Thursday, December 28, 2017

When Life Gets Broken

Thursday, December 28, 2017
This is what the Lord says:  “A cry is heard in Ramah—deep anguish and bitter weeping.  Rachel weeps for her children, refusing to be comforted—for her children are gone.”  But now this is what the Lord says:  “Do not weep any longer, for I will reward you,” says the Lord.  “Your children will come back to you from the distant land of the enemy.  There is hope for your future,” says the Lord.  “Your children will come again to their own land.  Jeremiah 31:15-17(NLT)

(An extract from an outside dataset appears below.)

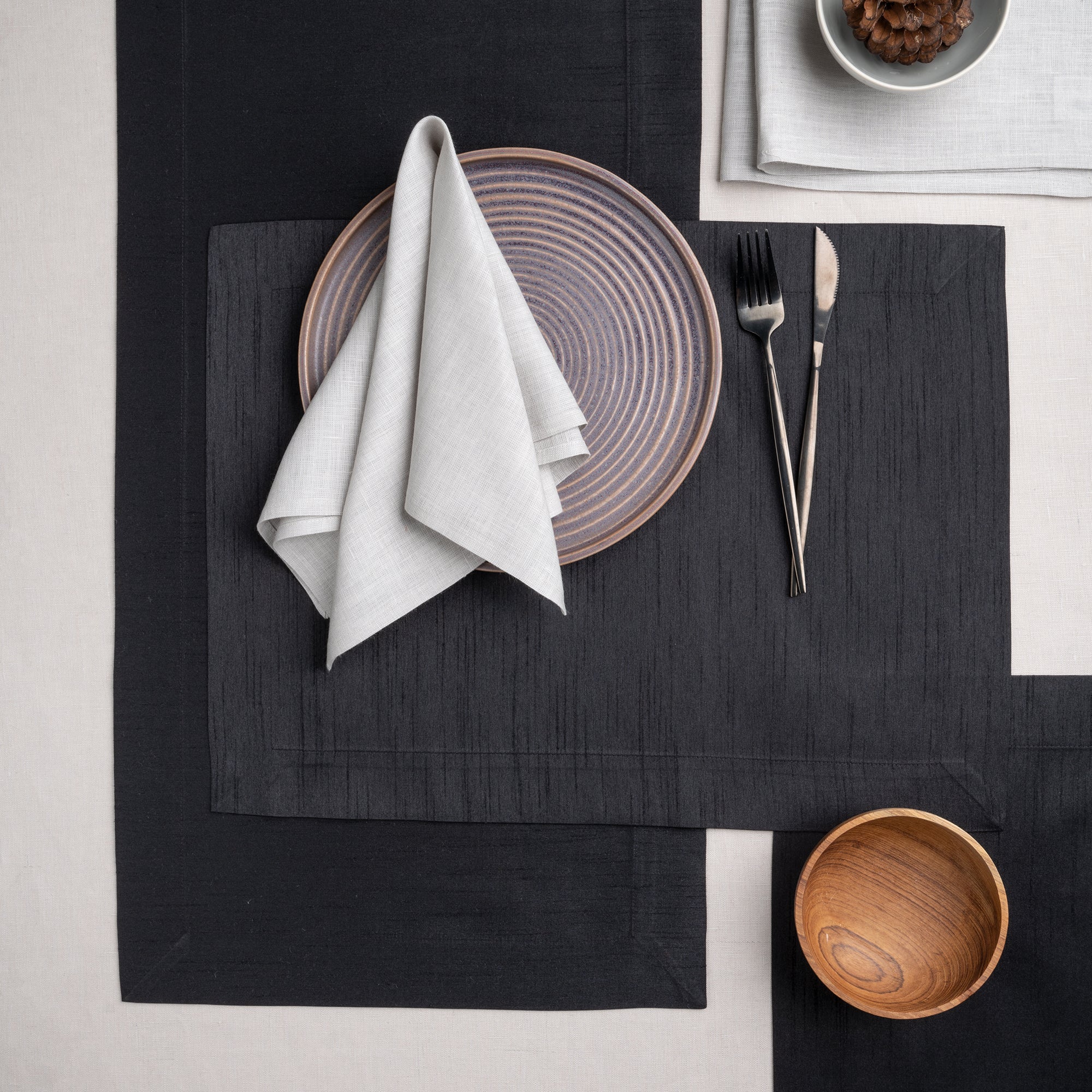 Close-up of the mitered corners on charcoal grey Luxe Shine placemats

Herod was furious when he realized that the wise men had outwitted him.  He sent soldiers to kill all the boys in and around Bethlehem who were two years old and under, based on the wise men’s report of the star’s first appearance.  Herod’s brutal action fulfilled what God had spoken through the prophet Jeremiah:  “A cry was heard in Ramah—weeping and great mourning.  Rachel weeps for her children, refusing to be comforted, for they are dead.”  Matthew 2:16-18(NLT)
Through Jeremiah God foretold the wickedness of King Herod trying to eliminate the threat of a child who might grow up to replace him.  In one monstrous, terrifying night of genocide he had all the male children less than two years old killed.  A night of weeping is bad; a generation of sadness of that magnitude is life broken beyond measure.

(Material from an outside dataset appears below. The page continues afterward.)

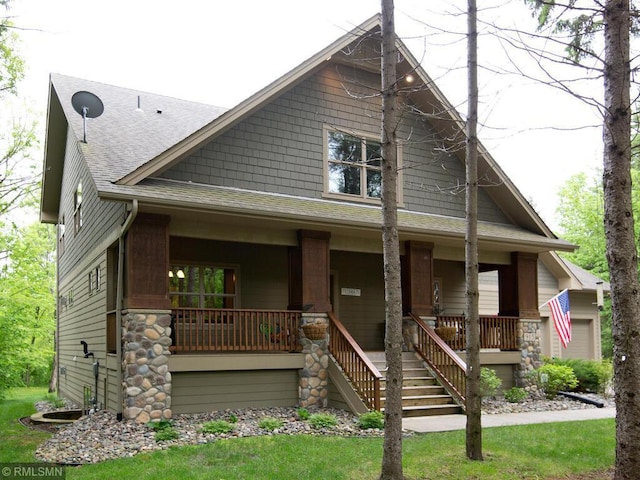 view of front facade featuring roof with shingles, stairs, and a porch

I have been (too often) with a group of people gripped by sadness over one of life’s twists – a child’s death, or a loved spouse taken too soon...news of tragedy from a distance where no hug is possible.  And we have heard these words offered as a sincere, well-meaning attempt to make sense of the darkness:  God won’t put any more on you than you can bear.
I have an idea that if you offered that to the mothers of Ramah that night it would have brought little comfort.  Their pain was too deep; a clichéd you can do this is just too hollow and shallow…just not enough.  Somehow philosophical or theological whistling in the dark just cannot blunt the pain of loss beyond imagination. 

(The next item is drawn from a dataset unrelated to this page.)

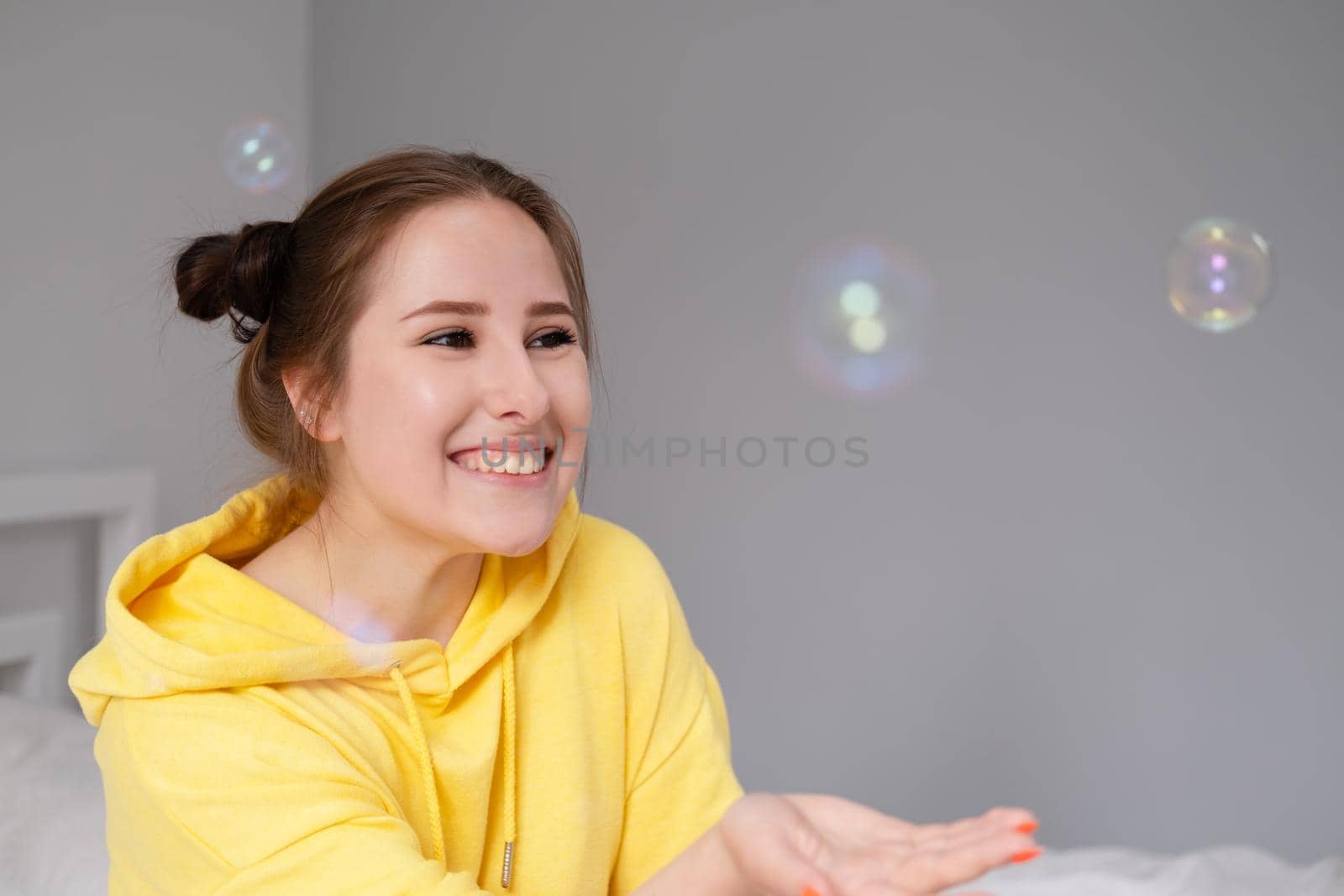 happy brunette woman in yellow hoodie among soap bubbles in bright grey room. happy people. millennial generation. fashionable teenager. trendy colours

Telling someone she is strong enough to bear the unbearable, because God has given her faith, is not comforting – it merely lays another burden on an already broken life.  And it is that life, grappling with the loss over the following weeks, months, perhaps decades, which will learn to receive the comfort we long-for, but can’t imagine, exists.  As with cooking a meal, stirring a pot faster doesn’t get supper on the table any sooner.  Pain takes time to simmer.
A word to the wise:  If you would be a caregiver, let it simmer; just be there to hold whatever needs holding.

For You Today

Today I’d like for Dr. Mitch Chase to have the last word:
Trials come in all shapes and sizes, but they don’t come to show how much we can take or how we have it all together.  Overwhelming suffering will come our way because we live in a broken world with broken people.  And when it comes, let’s be clear ahead of time that we don’t have what it takes.  God will give us more than we can handle—but not more than he can.[2]
You chew on that as you hit the Rocky Road…have a blessed day!